Getting Started with RAPIDS and Kubernetes#

Added in version 4.0.

This guide will run through how to set up the RAPIDS Accelerator for Apache Spark in a Kubernetes cluster. At the end of this guide, the reader will be able to run a sample Apache Spark application that runs on NVIDIA GPUs in a Kubernetes cluster.

This is a quick start guide which uses default settings which may be different from your cluster.

Kubernetes requires a Docker image to run Spark. Generally everything needed is in the Docker image - Spark, the RAPIDS Accelerator for Spark jar, and the discovery script.

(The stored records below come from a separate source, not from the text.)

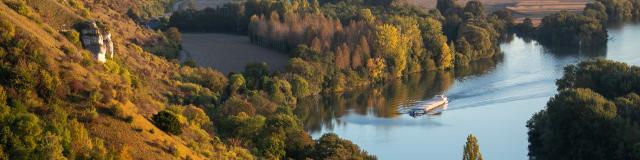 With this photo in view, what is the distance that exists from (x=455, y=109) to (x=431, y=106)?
1174 millimetres

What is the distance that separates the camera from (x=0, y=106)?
18312mm

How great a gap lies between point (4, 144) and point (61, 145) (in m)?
0.97

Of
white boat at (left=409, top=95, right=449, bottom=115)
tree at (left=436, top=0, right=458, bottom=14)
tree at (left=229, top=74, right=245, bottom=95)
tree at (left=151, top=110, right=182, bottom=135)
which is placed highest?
tree at (left=151, top=110, right=182, bottom=135)

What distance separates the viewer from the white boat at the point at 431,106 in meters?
40.6

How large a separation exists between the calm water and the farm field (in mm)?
5712

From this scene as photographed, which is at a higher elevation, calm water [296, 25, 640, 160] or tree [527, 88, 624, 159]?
tree [527, 88, 624, 159]

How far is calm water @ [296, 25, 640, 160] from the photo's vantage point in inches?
1377

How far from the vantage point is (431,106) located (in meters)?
40.9

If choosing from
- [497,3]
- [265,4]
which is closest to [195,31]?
[265,4]

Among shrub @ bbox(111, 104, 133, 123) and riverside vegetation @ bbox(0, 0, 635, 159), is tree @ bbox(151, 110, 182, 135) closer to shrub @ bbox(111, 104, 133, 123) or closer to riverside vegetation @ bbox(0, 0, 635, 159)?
riverside vegetation @ bbox(0, 0, 635, 159)

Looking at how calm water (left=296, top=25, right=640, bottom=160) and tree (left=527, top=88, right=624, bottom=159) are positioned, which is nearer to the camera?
tree (left=527, top=88, right=624, bottom=159)

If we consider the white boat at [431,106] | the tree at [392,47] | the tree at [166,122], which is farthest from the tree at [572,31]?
the tree at [166,122]

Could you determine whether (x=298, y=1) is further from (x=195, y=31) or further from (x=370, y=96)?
(x=370, y=96)

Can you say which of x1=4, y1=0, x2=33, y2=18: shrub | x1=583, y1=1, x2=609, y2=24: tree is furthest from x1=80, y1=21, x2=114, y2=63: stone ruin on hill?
x1=583, y1=1, x2=609, y2=24: tree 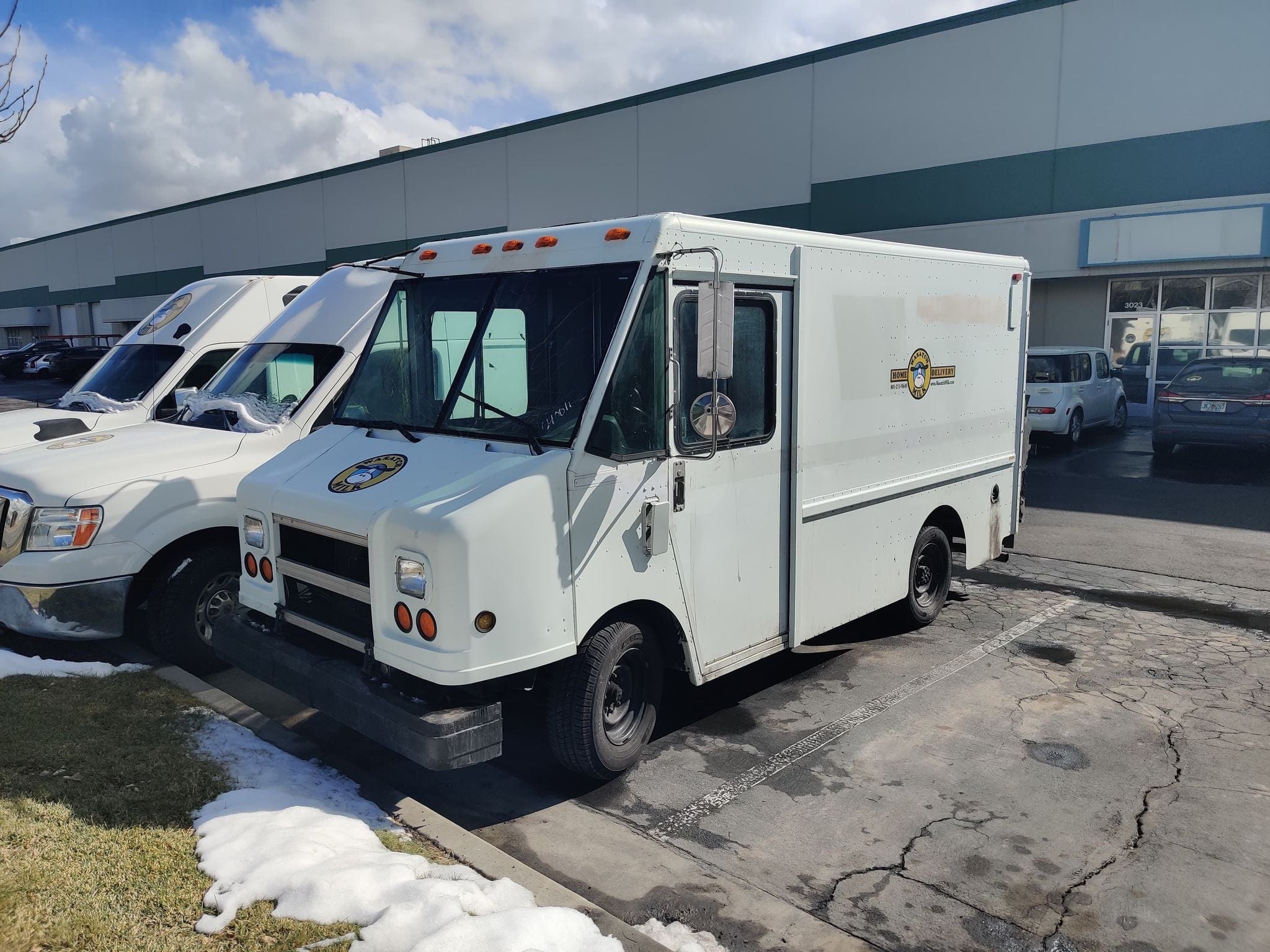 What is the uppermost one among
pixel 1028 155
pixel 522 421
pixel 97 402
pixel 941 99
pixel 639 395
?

You can find other supported base CUDA images for from CUDA dockerhub. Its source Dockerfile is inside GitLab repository which can be used to build the docker images from OS base image from scratch.

Prerequisites#

Ubuntu 22.04

Spark 3.4.0

Upstream Kubernetes Version 1.25

Docker is installed on a client machine

A Docker repository which is accessible by the Kubernetes cluster

RAPIDS Accelerator

Refer to the Appendix for access

NGC API Key

Refer to Generating Your NGC API Key

This guide leverages the Cloud Native Stack (CNS) GitHub install-guides to build the Kubernetes cluster. To install without CNS, leverage instructions to Install Kubernetes for creating a Kubernetes cluster with NVIDIA GPU support.

Docker Image Preparation#

From your client machine with Docker installed, download the following packages and scripts as shown below. Verison 3.4 will be used Apache Spark. Please note that only Scala version 2.12 is currently supported by the accelerator.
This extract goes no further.